Tonight I sit on my couch with the Olympics on, a tube of Lays chips in front of me, and dishes from dinner by my feet. Blanket, TV remote, fiction book, Bible, phone, journal, and headphones surround me on the couch. It's the essence of a lazy evening.

Yet there's an unwelcome guest in my home. On my right is Jesus, a constant companion in ups and downs - and no, He's not the unwelcome guest. I sit in the middle, and on the other side is Grief. Like a house guest who doesn't know when to leave, she stays regardless of my wishes, and her presence must be tolerated. I suppose I may as well welcome her. In fact, she may have some important things to say, lessons to share and experiences to contribute.

For perhaps the first time, I can think of Grief as helpful. She helps me process my experiences in Cambodia. She helps me start to understand how deeply I care for those in Cambodia. She helps me understand my desire for comfort and a pain free life, and she helps open my eyes to how even Christ was led into grief and difficult seasons by the Holy Spirit Himself, by the Father Himself. Jesus, too, calls us clearly into hardship. Not to torture us but because He knows He's worth it. The pain, the agony, the struggles are worth it because Jesus is worth it.

Grief, me, and Jesus. I'll stop fighting, just for tonight, and make room for Grief on the couch. I'll sit with her, tears forming periodically, and the three of us will share this moment in life together.

Grief, welcome. I guess you can stay tonight.
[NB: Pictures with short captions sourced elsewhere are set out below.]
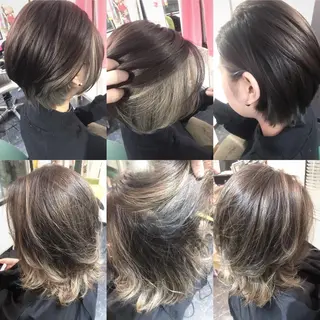 ミディアム 松本 和人のヘアスタイル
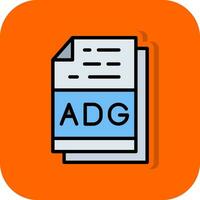 adp vector icono diseño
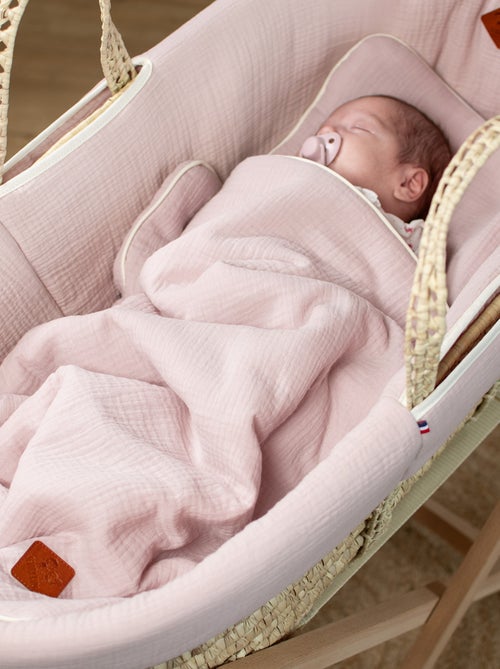 Set coperta e cuscino per culla o navicella | sevira kids | sevira kids - Kiabi Set coperta e cuscino per culla o navicella | sevira kids | sevira kids - Kiabi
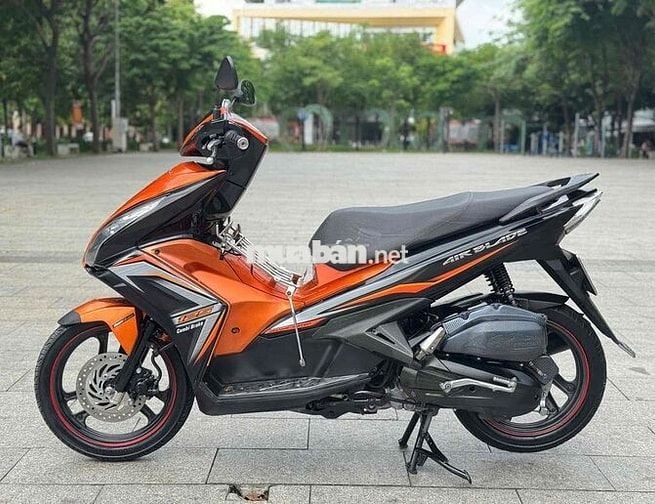Honda AirBlade 125 2015 Cam Đen Smartkey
Sadness, disappointment, all unpleasant emotions: I wonder what I have to learn from you. I'm sorry I haven't listened well, been a willing student. It's not my natural bent, but I will do my best to welcome you, too. Perhaps, eventually, there will be more than a party of three on my couch on a lazy afternoon.

Day 10: Worlds Lost

I'm reading this book called The Kitchen House by Kathleen Grissom. It's the first fiction book I've read in a long time, and it's no disappointment. I kept hearing about it, and when I needed a few more dollars worth of merchandise to qualify for free shipping on my Amazon order, I chose to purchase the novel.

It's set in the late 1700s and follows an Irish girl whose parents die on the way to America. She ends up being raised by a black family on a tobacco plantation, where the storyline becomes quite complex. It's really a very interesting read.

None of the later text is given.